La Mala Educacion : Amour des feintes
Avec La Mala Educacion, Pedro Almodovar aborde un thème grave en empruntant au film noir. Mais n’allez surtout pas croire que le flamboyant Madrilène pâlit avec le temps.
Tant par sa forme gigogne que par son histoire d’amour entre gamins, La Mala Educacion de Pedro Almodovar n’est pas sans rappeler la pièce de Michel Marc Bouchard Les Feluettes ou la répétition d’un drame romantique, brillamment adaptée au cinéma par John Greyson. Alors que le récit du dramaturge québécois se déroulait à Roberval au début du siècle, à l’époque où le Québec croulait sous le clergé, le drame du réalisateur du sublime Hable con ella, qui s’inspire de ses souvenirs de jeunesse, prend place dans l’Espagne des années 1960, époque marquée par le franquisme – obscurantisme, quand tu nous tiens.

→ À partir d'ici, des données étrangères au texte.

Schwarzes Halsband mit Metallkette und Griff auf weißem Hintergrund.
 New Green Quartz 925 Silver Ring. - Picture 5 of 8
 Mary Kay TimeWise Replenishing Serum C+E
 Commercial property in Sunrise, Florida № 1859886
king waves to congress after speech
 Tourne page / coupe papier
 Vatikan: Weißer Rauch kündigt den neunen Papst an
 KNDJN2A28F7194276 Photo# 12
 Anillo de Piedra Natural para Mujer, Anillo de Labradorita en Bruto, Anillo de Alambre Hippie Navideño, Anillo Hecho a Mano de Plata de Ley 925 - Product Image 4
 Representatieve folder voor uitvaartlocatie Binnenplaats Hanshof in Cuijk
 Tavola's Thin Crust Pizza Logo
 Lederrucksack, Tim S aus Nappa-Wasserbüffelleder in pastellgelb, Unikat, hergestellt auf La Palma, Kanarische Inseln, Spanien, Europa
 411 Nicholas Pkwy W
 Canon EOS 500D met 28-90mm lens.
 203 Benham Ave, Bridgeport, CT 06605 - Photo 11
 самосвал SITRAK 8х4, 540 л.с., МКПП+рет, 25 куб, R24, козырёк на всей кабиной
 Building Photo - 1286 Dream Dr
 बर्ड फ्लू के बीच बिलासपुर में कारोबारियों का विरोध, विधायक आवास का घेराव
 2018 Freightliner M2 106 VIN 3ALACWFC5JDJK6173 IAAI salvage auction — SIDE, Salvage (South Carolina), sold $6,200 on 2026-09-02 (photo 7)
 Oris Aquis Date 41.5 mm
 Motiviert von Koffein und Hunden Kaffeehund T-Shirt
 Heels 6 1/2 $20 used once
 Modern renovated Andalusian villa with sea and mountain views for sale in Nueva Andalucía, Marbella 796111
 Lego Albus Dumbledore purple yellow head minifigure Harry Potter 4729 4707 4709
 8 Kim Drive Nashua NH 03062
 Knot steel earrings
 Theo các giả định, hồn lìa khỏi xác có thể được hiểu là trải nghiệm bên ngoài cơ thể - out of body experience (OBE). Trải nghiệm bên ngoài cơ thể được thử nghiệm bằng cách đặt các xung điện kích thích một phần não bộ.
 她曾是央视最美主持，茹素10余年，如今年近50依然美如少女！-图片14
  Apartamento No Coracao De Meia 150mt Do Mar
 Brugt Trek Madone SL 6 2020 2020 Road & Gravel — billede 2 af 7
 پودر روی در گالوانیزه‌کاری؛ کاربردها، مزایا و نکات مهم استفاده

Alors que la pièce de Bouchard renvoyait au théâtre avec la passion de saint Sébastien, le film d’Almodovar fourmille de références au cinéma ayant bercé le réalisateur, de Breakfast at Tiffany’s jusqu’aux films de Sara Montiel (Esa Mujer). Des icônes religieuses aux stars de cinéma, La Mala Educacion propose une vertigineuse plongée dans un sulfureux univers gay où le maquillage à outrance camoufle beaucoup plus que des traits masculins.
Pensionnaires d’un collège pour garçons, Enrique et Ignacio vivent leurs premiers émois amoureux dans l’obscurité d’une salle de cinéma. Témoin de cette idylle innocente mais profonde, le père Manolo, qui entre en extase telle une sainte Thérèse d’Avila dès qu’il entend la voix d’ange d’Ignacio, fait renvoyer Enrique du collège. Abusé sexuellement par Manolo, Ignacio mûrira longtemps sa vengeance. En 1980, devenu un acteur connu sous le nom d’Angel, Ignacio (Gael Garcia Bernal, remarquable en tous points) retrouve Enrique (Fele Martinez, qui réussit à ne pas se faire complètement éclipser par Bernal), réalisateur en panne d’inspiration à qui il remet une nouvelle relatant leur enfance et imaginant une conclusion, campée à la fin des années 1970 et bien différente de la réalité, où Ignacio, toujours assoiffé de vengeance, serait transsexuel. Bouleversé par ce récit sulfureux, Enrique décide d’en faire un film dont la vedette sera Angel. Bien des surprises l’attendront durant le tournage.
Quoique le récit du transsexuel Zahara imaginé par Ignacio s’avère aussi captivant que l’histoire d’Angel, surtout lorsqu’ils deviennent inextricablement liés et que la terrible vérité se dévoile peu à peu, La Mala Educacion ne suscite pas d’émotions réelles, aucun personnage n’inspirant de sympathie. Toutefois, la plastique kitsch des images séduit, quoique certains effets de montage et de style fassent sourire – comme cette goutte de sang séparant en deux le visage d’Ignacio enfant et le mot "passion" apparaissant dans le dernier plan -, et la structure d’inspiration post-moderne mâtinée de film noir envoûte. Sans atteindre le degré d’émotion de Todo sobre mi madre ou d’Hable con ella, La Mala Educacion s’inscrit aisément parmi les grandes œuvres d’Almodovar tant par la maturité et la pudeur avec lesquelles il aborde la pédophilie que par son audace formelle.